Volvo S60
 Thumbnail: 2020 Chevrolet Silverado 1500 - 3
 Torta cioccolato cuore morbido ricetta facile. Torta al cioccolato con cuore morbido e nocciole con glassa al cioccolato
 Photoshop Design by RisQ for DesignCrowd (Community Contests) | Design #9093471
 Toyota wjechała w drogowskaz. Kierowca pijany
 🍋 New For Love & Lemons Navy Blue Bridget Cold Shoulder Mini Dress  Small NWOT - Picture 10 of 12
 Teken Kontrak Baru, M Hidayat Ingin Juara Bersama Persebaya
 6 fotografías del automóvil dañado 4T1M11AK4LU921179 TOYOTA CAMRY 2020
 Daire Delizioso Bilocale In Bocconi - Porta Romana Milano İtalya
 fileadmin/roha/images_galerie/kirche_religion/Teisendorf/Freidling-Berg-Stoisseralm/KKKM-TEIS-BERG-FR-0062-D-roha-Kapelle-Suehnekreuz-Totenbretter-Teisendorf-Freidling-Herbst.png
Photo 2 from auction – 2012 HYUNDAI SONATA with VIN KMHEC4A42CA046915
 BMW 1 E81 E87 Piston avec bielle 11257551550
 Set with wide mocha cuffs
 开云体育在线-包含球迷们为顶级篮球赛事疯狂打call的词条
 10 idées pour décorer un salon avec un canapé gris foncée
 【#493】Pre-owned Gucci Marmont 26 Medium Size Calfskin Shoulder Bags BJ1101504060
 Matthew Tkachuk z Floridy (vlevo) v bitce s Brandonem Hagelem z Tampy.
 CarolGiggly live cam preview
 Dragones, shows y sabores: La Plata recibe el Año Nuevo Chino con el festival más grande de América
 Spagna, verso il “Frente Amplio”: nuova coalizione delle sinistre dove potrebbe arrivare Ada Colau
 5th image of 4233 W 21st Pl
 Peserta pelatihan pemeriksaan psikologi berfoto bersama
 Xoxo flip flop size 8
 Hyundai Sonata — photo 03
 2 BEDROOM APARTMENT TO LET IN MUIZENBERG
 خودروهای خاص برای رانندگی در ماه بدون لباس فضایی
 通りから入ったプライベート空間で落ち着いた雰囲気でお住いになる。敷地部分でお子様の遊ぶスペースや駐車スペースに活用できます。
++++
▶ _TASK DESCRIPTION_: Begin at the line above that has "开云体育在线-包含球迷们为顶级篮球赛事疯狂打call的词条" and stop after the line that has "Matthew Tkachuk z", copying each line exactly and adding nothing else.

▶ _OUTPUT FOR THIS TASK_:
 开云体育在线-包含球迷们为顶级篮球赛事疯狂打call的词条
 10 idées pour décorer un salon avec un canapé gris foncée
 【#493】Pre-owned Gucci Marmont 26 Medium Size Calfskin Shoulder Bags BJ1101504060
 Matthew Tkachuk z Floridy (vlevo) v bitce s Brandonem Hagelem z Tampy.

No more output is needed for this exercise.